- Problem requirements -
Your job is to write out each record precisely as it stands.

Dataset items
===============
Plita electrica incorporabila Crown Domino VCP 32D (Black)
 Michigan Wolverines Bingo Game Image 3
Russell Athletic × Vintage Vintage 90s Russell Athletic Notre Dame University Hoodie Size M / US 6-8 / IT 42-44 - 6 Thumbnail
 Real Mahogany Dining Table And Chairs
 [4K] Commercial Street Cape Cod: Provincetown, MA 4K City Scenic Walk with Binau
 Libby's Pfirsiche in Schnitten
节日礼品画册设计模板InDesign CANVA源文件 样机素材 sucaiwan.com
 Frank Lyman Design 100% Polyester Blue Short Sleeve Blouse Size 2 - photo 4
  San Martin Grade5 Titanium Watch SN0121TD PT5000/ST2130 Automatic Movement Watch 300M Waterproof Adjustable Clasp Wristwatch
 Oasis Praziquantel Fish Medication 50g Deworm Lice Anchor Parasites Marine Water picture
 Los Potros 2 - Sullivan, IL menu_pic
===============
- Expected answer -
Plita electrica incorporabila Crown Domino VCP 32D (Black)
 Michigan Wolverines Bingo Game Image 3
Russell Athletic × Vintage Vintage 90s Russell Athletic Notre Dame University Hoodie Size M / US 6-8 / IT 42-44 - 6 Thumbnail
 Real Mahogany Dining Table And Chairs
 [4K] Commercial Street Cape Cod: Provincetown, MA 4K City Scenic Walk with Binau
 Libby's Pfirsiche in Schnitten
节日礼品画册设计模板InDesign CANVA源文件 样机素材 sucaiwan.com
 Frank Lyman Design 100% Polyester Blue Short Sleeve Blouse Size 2 - photo 4
  San Martin Grade5 Titanium Watch SN0121TD PT5000/ST2130 Automatic Movement Watch 300M Waterproof Adjustable Clasp Wristwatch
 Oasis Praziquantel Fish Medication 50g Deworm Lice Anchor Parasites Marine Water picture
 Los Potros 2 - Sullivan, IL menu_pic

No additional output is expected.